● WHAT TO WORK ON:
Retype the records in full, and please keep the pictures out of the copy.

● EXERCISE INPUT:
=-=-=
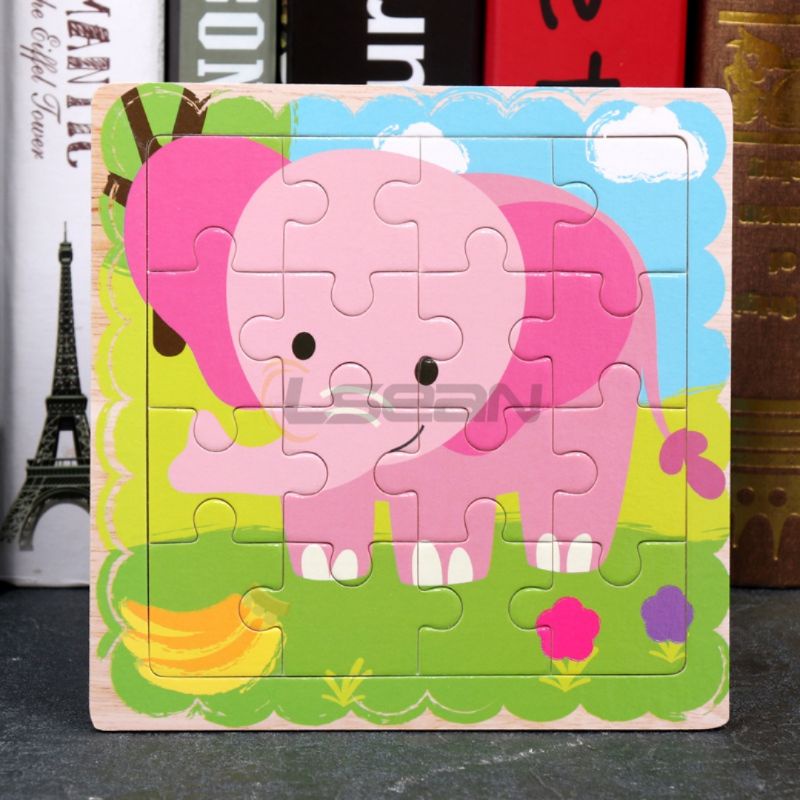 PUZZLE KAYU LUCU WOODEN PUZZLE 16 KEPING | JIGSAW PUZZLE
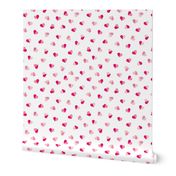 Abstract scandinavian style pastel pink hearts love print for Valentine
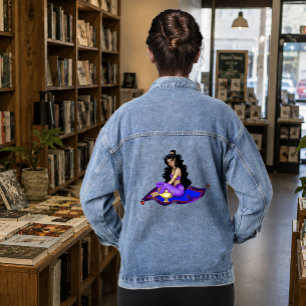 Genie Magic Carpet Lamp Blue Sky Denim Jacket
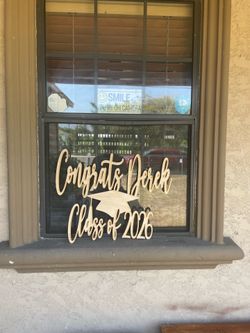 Custom Grad wood signs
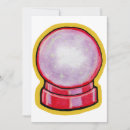Recherche de cristal invitations Mystique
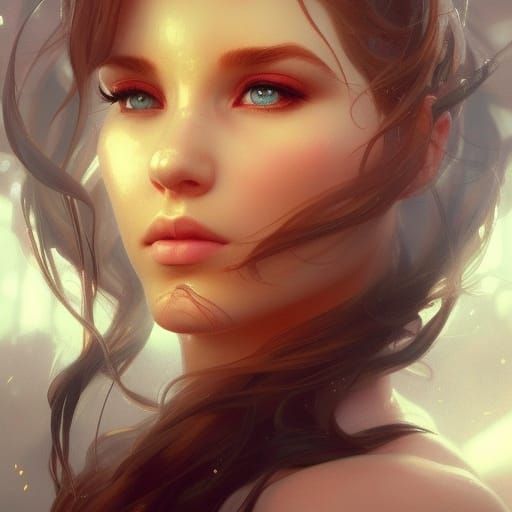 Detailed Fairy Portrait in Artstation Style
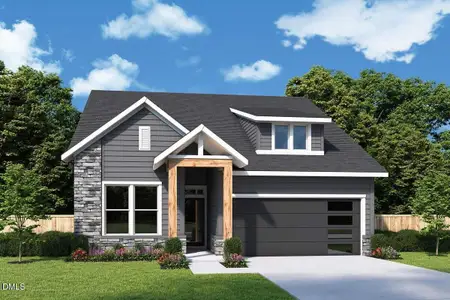 New construction Single-Family house 348 Aspen Ave, Pittsboro, NC 27312 - image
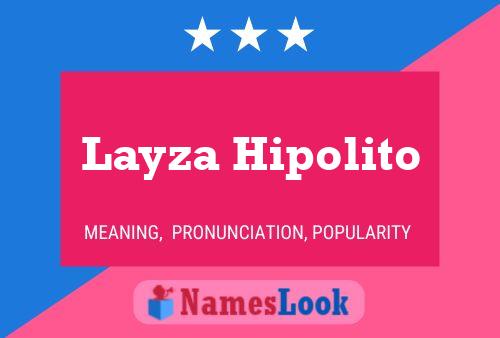 ملصق اسم Layza Hipolito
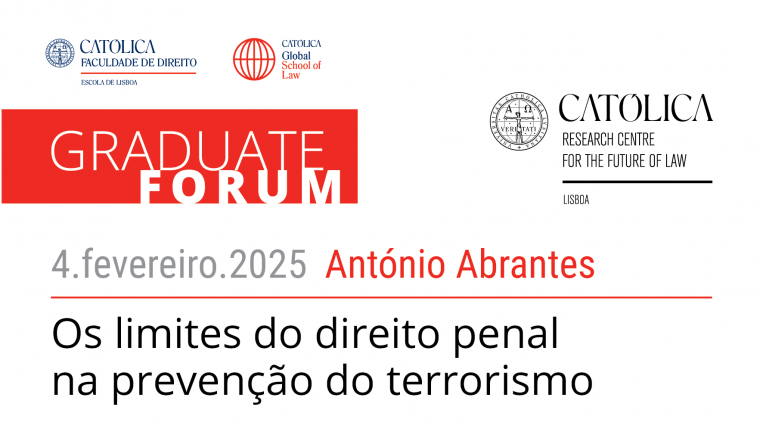 Graduate Forum - Os limites do direito penal na prevenção do terrorismo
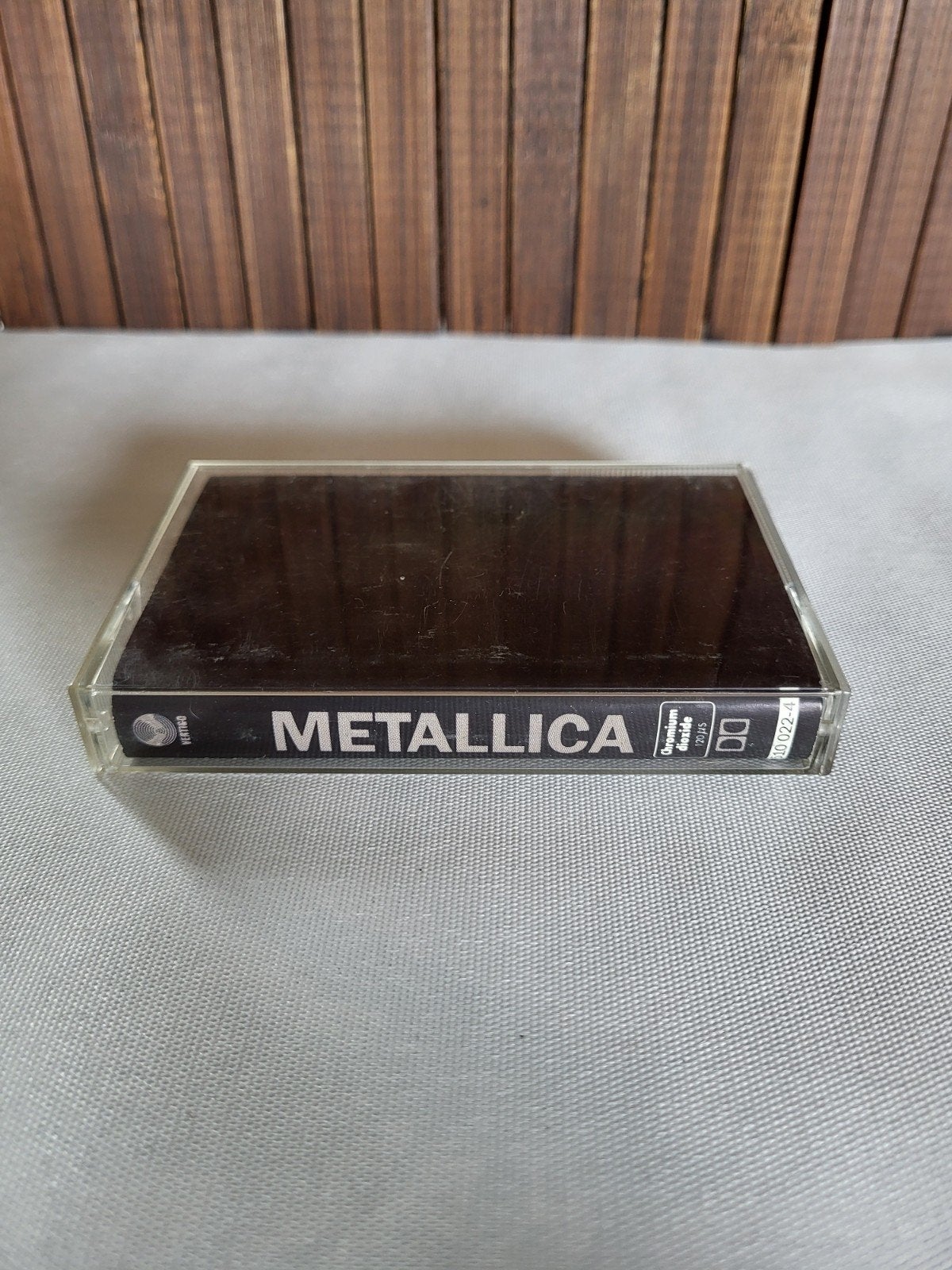 Metallica - The Black Album Cassette (Origineel), Cd's en Dvd's, Cassettebandjes, Gebruikt, 1 bandje, Ophalen of Verzenden, Origineel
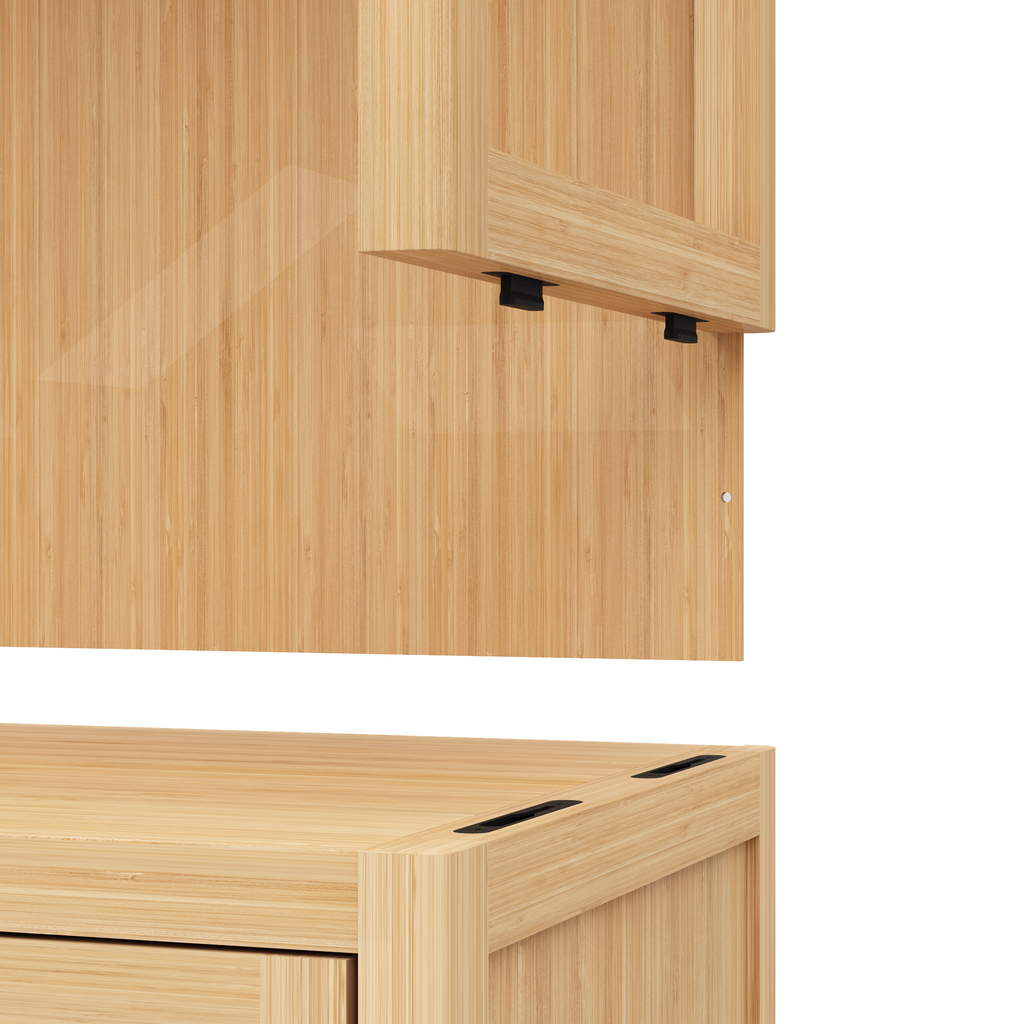 Storage Tall Slim Cabinet with Shutter Door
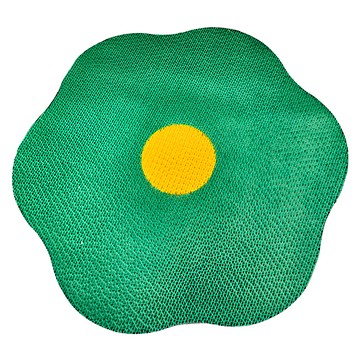 Hikiwee 小花貓抓板  小線花貓抓墊  高密度瓦楞紙  安全染料  小綠花  1個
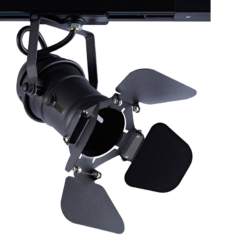 Μαύρο Σποτ Ράγας Μονοφασικό Track Light Ατσάλι 1xGU10 2 Καλωδίων ACA – 244TLB2W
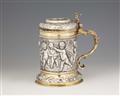 A Hamburg Baroque silver tankard - image-1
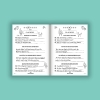 Buchcover und Innenansicht für das Buch: Mein kleines Glücklichbuch | Dankbarkeitstagebuch für Kinder | 3 Minuten Tagebuch für Kinder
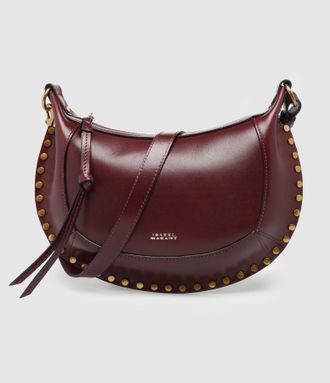 Isabel Marant Sac Oskan Moon Cuir Lisse Bordeaux
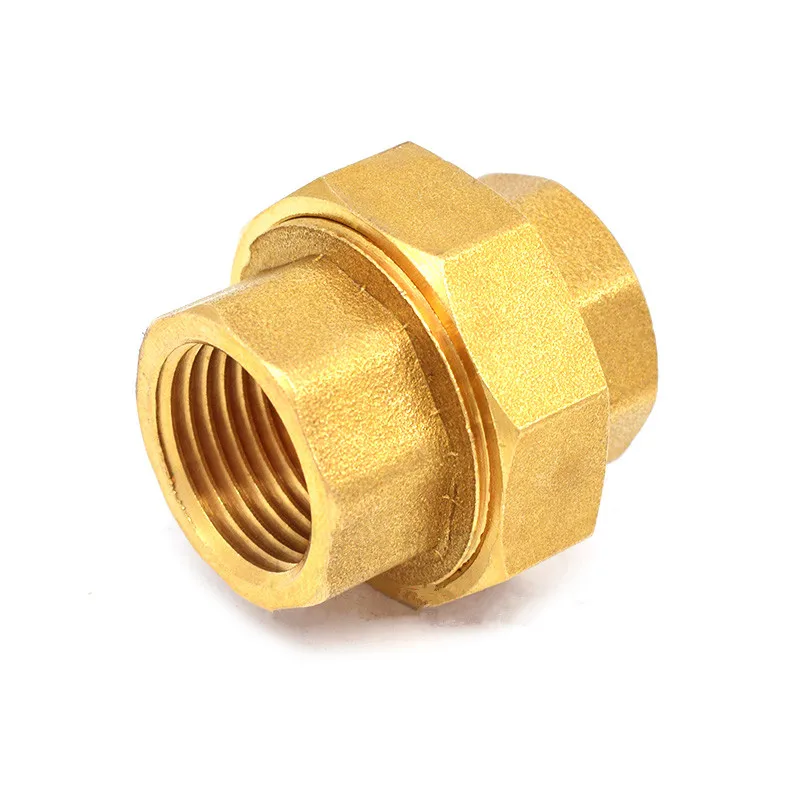 

Brass Plumbing Fittings Movable Joint Water Tank Fittings 1/4" 3/8" 1/2" 3/4" 1" Female Thread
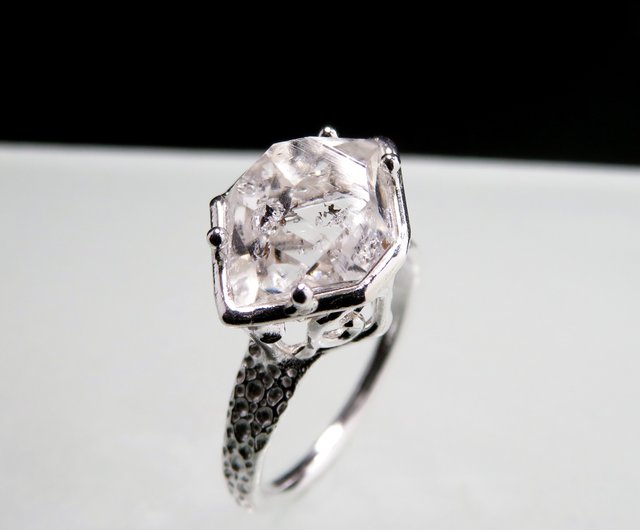 ハーキマーダイヤ リング / Herkimer Diamond Ring lll - ショップ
=-=-=
● TASK ANSWER:
 PUZZLE KAYU LUCU WOODEN PUZZLE 16 KEPING | JIGSAW PUZZLE
 Abstract scandinavian style pastel pink hearts love print for Valentine
 Genie Magic Carpet Lamp Blue Sky Denim Jacket
 Custom Grad wood signs
Recherche de cristal invitations Mystique
 Detailed Fairy Portrait in Artstation Style
 New construction Single-Family house 348 Aspen Ave, Pittsboro, NC 27312 - image
 ملصق اسم Layza Hipolito
 Graduate Forum - Os limites do direito penal na prevenção do terrorismo
 Metallica - The Black Album Cassette (Origineel), Cd's en Dvd's, Cassettebandjes, Gebruikt, 1 bandje, Ophalen of Verzenden, Origineel
 Storage Tall Slim Cabinet with Shutter Door
 Hikiwee 小花貓抓板  小線花貓抓墊  高密度瓦楞紙  安全染料  小綠花  1個
 Μαύρο Σποτ Ράγας Μονοφασικό Track Light Ατσάλι 1xGU10 2 Καλωδίων ACA – 244TLB2W
 A Hamburg Baroque silver tankard - image-1
 Buchcover und Innenansicht für das Buch: Mein kleines Glücklichbuch | Dankbarkeitstagebuch für Kinder | 3 Minuten Tagebuch für Kinder
 Isabel Marant Sac Oskan Moon Cuir Lisse Bordeaux

Brass Plumbing Fittings Movable Joint Water Tank Fittings 1/4" 3/8" 1/2" 3/4" 1" Female Thread
 ハーキマーダイヤ リング / Herkimer Diamond Ring lll - ショップ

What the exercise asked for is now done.